Камасутра книжника. Уроки чтения - стр. 9
Гоголь – восторг, которым нельзя не делиться. В моей жизни был счастливый месяц, когда мы с Довлатовым через день встречались в кафе “Борджия”, чтобы похвастаться открытием, неизвестно где скрывавшимся от всех предыдущих прочтений. Больше всего я гордился разговором Хлестакова с Земляникой:
– Мне кажется, как будто вчера вы были немножко ниже ростом, не правда ли?
– Очень может быть.
Надо сказать, что Гоголь для нас был лучше водки: он пьянил исподтишка. Мало проглотить фразу, надо дать ей всосаться. Только так, выпивая абзац за абзацем, учишься парадоксальному гоголевскому языку, опровергающему самого автора. Слова тут не помогают, а мешают тексту рассказать свою историю, создавая параллельный или даже альтернативный сюжет.
Такое случилось с “Тарасом Бульбой”, которого первым “проходят” и последним понимают. Настаивая вместе с автором на патриотическом содержании, повесть противоречит себе: героям важна не цель, а средства. Соответственно, пафос книги не в конце, а в начале:
– Да сними хоть кожух! – сказал наконец Тарас. – Видишь, как парит! <…>
– Не можно; у меня такой нрав: что скину, то пропью.
Казак Гоголя, как мушкетеры Дюма или алкаши Венички, – живет, пока пьет и дерется.
Он, можно сказать, плевал на свое прошедшее и беззаботно предавался воле и товариществу таких, как сам, гуляк, не имевших ни родных, ни угла, ни семейства, кроме вольного неба и вечного пира души своей.

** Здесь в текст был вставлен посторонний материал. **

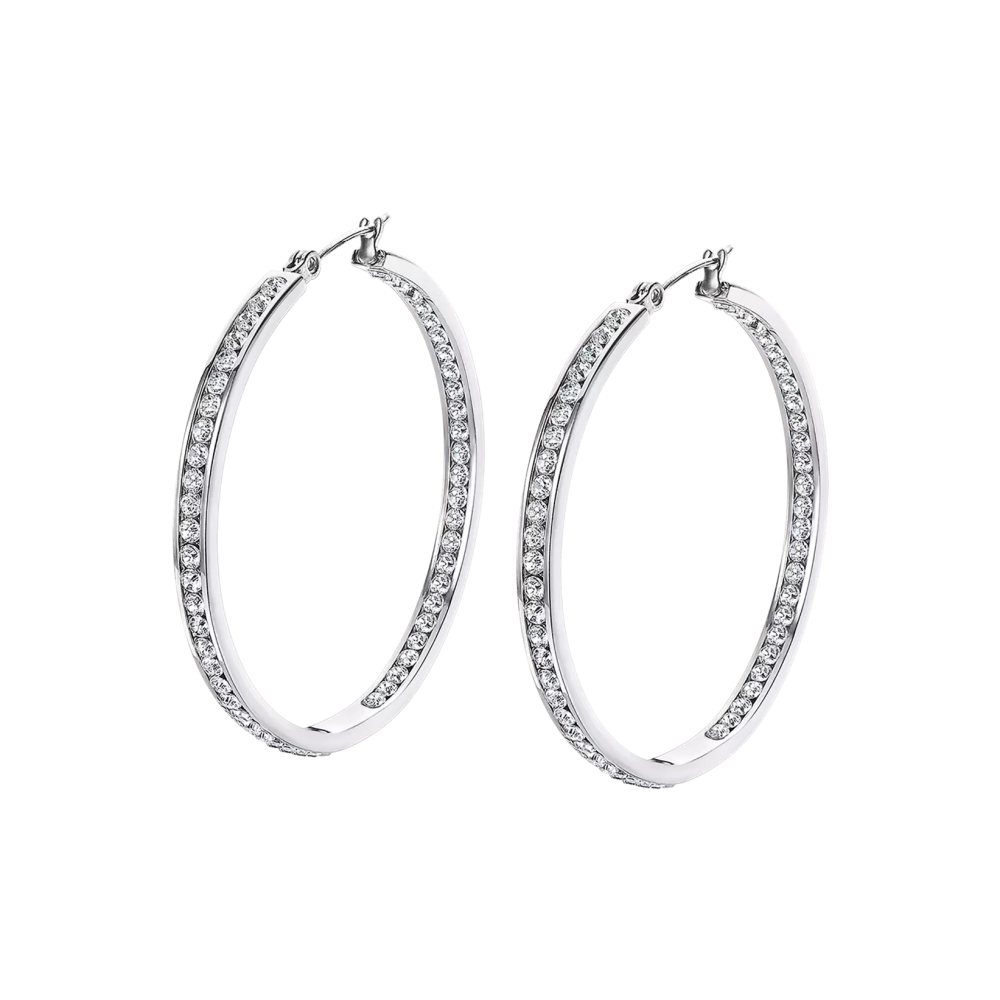 Boucles d’oreilles Lotus LS2356-4/1 – Créoles acier et cristaux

Этот пир потому вечен, что накрыт в той заглохшей, но неистребимой доисторической глубине, где Ницше находил белокурую бестию, Юнг – архетипы, Сартр – экзистенциальный каприз. Гоголевские казаки не вне морали, они – до морали, и это делает их зверски свободными.

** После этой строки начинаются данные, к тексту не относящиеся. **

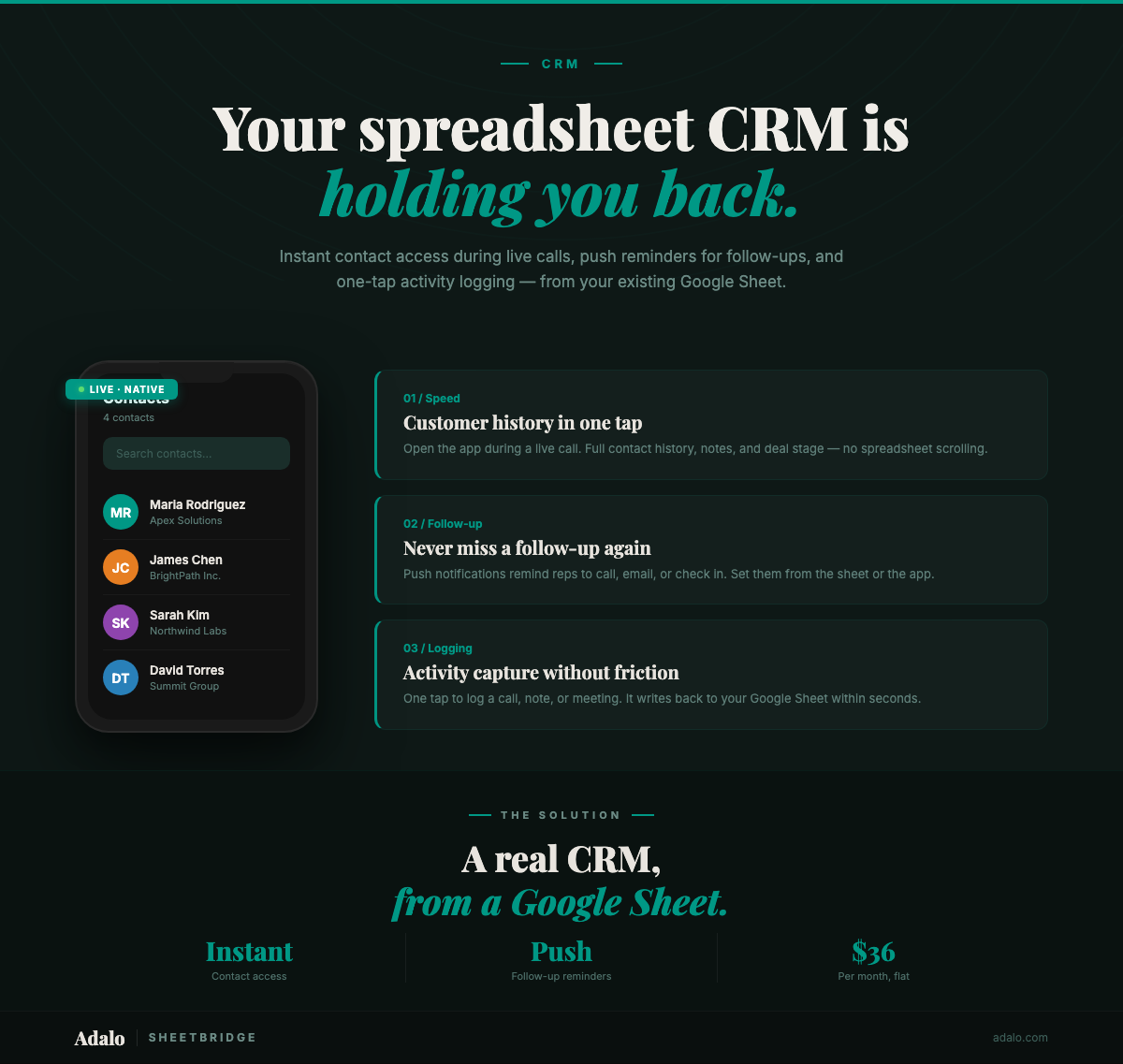 Transforme seu CRM do Google Sheets em um aplicativo de verdade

Толстого надо читать периодически, Достоевского – когда прижмет, Гоголя – все время. Что и делает мой брат уже лет двадцать, но только за обедом. Держа на кухонном столе “Мертвые души”, он открывает книгу на любой странице, прибавляя к уже выцветшим пятнам новые кляксы борща. Так и надо, потому что поэма Гоголя бесконечная, как лента Мёбиуса, и смешная.
В “Тарасе” Гоголь восхищается архаикой, в “Мертвых душах” – смеется над ней, но гомерическим – героическим – смехом: если Плюшкин и прореха, то сразу на всем человечестве. Прошлое у Гоголя величественно в грехах и пороках, будущее осталось ненаписанным, настоящее достойно иронии.
Какая бы выгода была их имениям, если бы каждый крестьянин был воспитан так, чтобы, идя за плугом, мог читать в то же время книгу о громовых отводах.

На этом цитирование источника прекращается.